Data in this exercise
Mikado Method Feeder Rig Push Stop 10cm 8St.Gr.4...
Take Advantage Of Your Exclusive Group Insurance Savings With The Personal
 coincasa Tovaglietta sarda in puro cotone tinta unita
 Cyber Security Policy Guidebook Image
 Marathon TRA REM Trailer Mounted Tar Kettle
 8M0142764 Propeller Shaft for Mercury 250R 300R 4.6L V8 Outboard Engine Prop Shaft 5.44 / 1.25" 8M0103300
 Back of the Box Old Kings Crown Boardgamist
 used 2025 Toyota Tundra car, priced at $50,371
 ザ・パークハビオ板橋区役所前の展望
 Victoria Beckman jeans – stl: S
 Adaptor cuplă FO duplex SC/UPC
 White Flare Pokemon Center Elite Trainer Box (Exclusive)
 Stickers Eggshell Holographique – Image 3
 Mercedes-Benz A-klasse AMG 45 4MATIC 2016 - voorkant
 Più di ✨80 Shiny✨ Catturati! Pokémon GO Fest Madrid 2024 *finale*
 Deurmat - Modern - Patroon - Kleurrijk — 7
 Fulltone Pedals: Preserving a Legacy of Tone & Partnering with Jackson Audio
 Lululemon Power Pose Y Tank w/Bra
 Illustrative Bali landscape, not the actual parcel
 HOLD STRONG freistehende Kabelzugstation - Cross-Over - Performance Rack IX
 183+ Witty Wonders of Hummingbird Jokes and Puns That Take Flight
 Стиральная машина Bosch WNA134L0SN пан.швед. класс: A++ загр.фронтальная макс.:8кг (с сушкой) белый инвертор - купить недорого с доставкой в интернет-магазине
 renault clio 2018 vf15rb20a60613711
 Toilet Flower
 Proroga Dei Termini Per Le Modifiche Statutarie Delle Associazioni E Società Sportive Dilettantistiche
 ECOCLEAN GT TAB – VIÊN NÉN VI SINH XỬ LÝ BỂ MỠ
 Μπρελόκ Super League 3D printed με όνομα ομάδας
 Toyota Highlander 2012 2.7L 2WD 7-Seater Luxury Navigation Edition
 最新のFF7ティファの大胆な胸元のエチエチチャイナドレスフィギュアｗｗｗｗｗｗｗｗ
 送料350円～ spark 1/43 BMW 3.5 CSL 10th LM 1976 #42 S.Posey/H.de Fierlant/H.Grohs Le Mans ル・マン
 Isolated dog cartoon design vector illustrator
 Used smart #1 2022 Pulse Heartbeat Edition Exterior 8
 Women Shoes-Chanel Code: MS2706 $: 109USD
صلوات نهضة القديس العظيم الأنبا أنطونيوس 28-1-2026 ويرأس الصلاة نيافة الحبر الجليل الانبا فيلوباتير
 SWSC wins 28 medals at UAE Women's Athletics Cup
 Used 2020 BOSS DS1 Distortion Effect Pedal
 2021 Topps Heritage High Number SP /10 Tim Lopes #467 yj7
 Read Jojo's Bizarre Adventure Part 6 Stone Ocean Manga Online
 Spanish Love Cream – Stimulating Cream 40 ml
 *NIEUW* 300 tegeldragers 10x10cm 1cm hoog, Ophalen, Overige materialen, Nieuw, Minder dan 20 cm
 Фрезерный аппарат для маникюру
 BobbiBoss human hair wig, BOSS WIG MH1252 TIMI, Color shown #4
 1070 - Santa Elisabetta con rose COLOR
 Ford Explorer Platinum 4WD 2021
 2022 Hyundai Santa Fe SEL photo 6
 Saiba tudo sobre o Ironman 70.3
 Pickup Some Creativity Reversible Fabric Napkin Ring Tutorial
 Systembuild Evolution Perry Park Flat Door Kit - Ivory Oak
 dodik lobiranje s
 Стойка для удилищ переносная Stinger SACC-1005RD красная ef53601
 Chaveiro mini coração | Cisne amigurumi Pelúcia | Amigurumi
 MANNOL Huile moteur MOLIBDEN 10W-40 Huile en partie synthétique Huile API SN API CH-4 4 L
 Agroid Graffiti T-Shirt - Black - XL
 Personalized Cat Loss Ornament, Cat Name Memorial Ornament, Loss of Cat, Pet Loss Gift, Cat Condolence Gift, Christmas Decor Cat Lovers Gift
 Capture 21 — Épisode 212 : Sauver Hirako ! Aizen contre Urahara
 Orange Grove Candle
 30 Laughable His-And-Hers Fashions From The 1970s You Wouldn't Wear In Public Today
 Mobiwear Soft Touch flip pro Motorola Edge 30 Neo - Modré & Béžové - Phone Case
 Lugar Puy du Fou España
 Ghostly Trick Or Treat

Your objective
Copy every line from the records that holds the string "Exclusive".

Result of the task
Take Advantage Of Your Exclusive Group Insurance Savings With The Personal
 White Flare Pokemon Center Elite Trainer Box (Exclusive)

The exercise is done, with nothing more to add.